|Year of selection||2011|
|Institution||Fundação Calouste Gulbenkian - IGC|
Type of support
120 000 €
The Recycling of Antibiotics
250,000 people die every year in the European Union because antibiotics could not cure their infection, due to a strong resistance of bacteria to different drug treatments. This is why Dr. Pedro Coelho will study bacteria that have lost robustness by changing their genetic code. Certain genes could be fragile, and therefore become new targets for existing drugs. His findings could lead to new treatments of infections that represent millions of human or animal cases around the world.
We are witnessing the rise of pan-resistant bacteria for which no effective therapy is available. From methicillin-resistant Staphylococcus aureus (MRSA) infections to recent outbreaks of resistant strains of Escherichia coli, these almost or totally pan-resistance bacteria are now reaching the community setting.
There is a dire need for new classes of antimicrobials. Drug repositioning is the finding of new uses for known drugs. Our lab has developed a new bioinformatics strategy, which enabled the repositioning of a known drug as a potential new class of antibiotic. The underlying scientific question was: what are the conditions necessary for the development of robust biological systems? Theoretical work suggests that robustness should only emerge in unpredictable environments but it remained untested. One source of biological robustness is genetic redundancy, where a given biochemical function is encoded by two or more genes.

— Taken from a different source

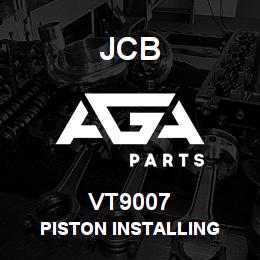 VT9007 JCB PISTON INSTALLING | AGA Parts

Our lab showed that bacterial intracellular parasites, which live in a predictable environment, have substantially more singletons than could be expected under any model of gene loss (singletons are genes without duplicates), and that this corresponds to an effective loss of genetic redundancy.

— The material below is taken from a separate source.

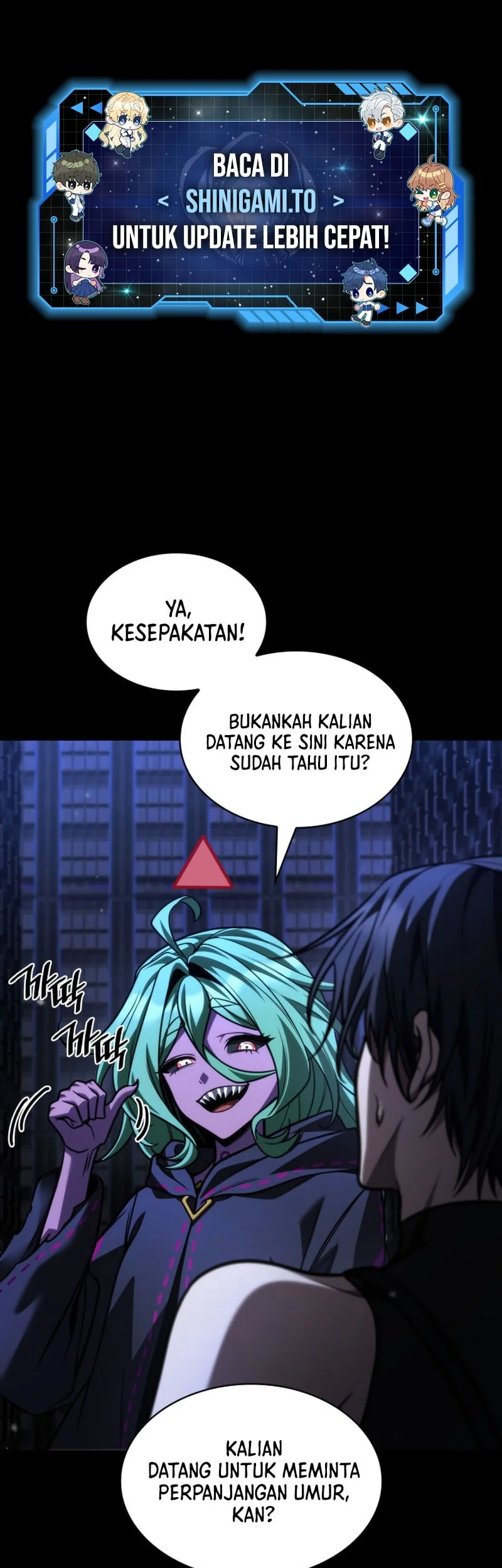 Manhwa Infinite Mage Chapter 180 gambar 2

We have refined the previous work by compiling and analyzing an extensive list of sequenced parasites along with other information such as taxonomic classification, facultative vs. obligate nature, specific intracellular replication niche. This research led to the hypothesis that intracellular parasites will adapt to one of four different intracellular replication niches. To test this, we built a bioinformatics pipeline that revealed a core set of protein families/domains that characterize bacterial parasites that inhabit in phagolysosomes. These proteins represent fragile functions for a wide range of pathogens. Furthermore, we developed a predictor (80% accuracy) that is able to identify parasites capable of replication in phagolysosomes.
Furthermore, using a bioinformatics approach, we were able to identify three known drugs that should act upon these fragile functions. These drugs could have an extensive range: from Staphylococcus aureus to Mycobacterium tuberculosis. We are currently submitting our theoretical results to experimental validation.